Tuesday, March 1, 2011

Keyboarding pilot program a success

During last night’s Education Development meeting, BCIT Lead Teacher Jerry Abramson along with Karen Richmond and Mary Cwiklinski updated the Committee on the Keyboarding pilot program being tested on two 4th grade classes from Ferderbar. Since our district lacks an elementary computer curriculum, this recently completed pilot program is being used to assess if we can provide our younger students with a more effective computer curriculum that will educate and inspire them. Based on the written comments from the students, I think we can safely declare the test a huge success.

One student stated “The first thing I like about keyboard class is it made me faster at it so when I went on my computer I typed faster than I would usually.”

Another student said “I liked that we got to learn how to change the font color and we also learned what was inside of the computer.”

And my favorite comment . . . “I can rub it in my brother’s face that I know how [to properly keyboard] and he does not.”

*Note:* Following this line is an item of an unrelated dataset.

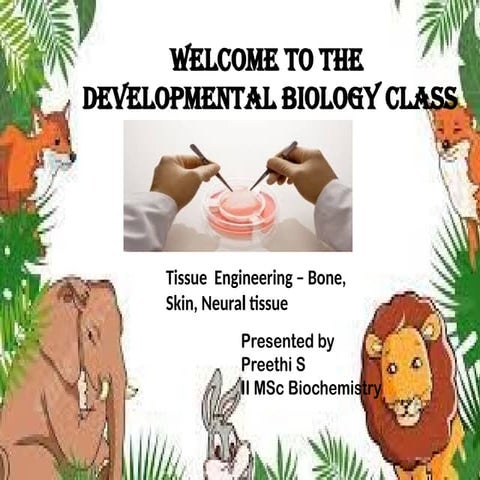 Tissue engineering for bone, skin and neural tissue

Phase II of the pilot program will hopefully expand this test into all the 4th grades in elementary school next school year. However if Phase II is equally as successful next year, then our Curriculum Instruction team will be challenged to come up with a comprehensive computer education program for our elementary schools. And that will be a real challenge because up until now we have been able to accomplish this pilot with existing staff and equipment. But if we are to offer a truly robust computer curriculum for our students, it will require a financial investment. Too early to say yet just how much that will be, but let’s keep watching our pennies wisely now so we can invest in our children’s future.

Special thanks to Jerry, Karen, Mary, and everyone else involved in the pilot. You guys rock!

1 comment:

Karl said...

This has come up a number of times before this. The idea is laudable in principal, but two issues have consistently prevented adoption of a program like this: money to pay certified staff to teach the classes and time in which to teach them. Would these keyboarding classes replace the weekly computer lab periods that currently are run by the classroom teachers with the technical assistance of the computer aides? If not, what current instructional time would they replace?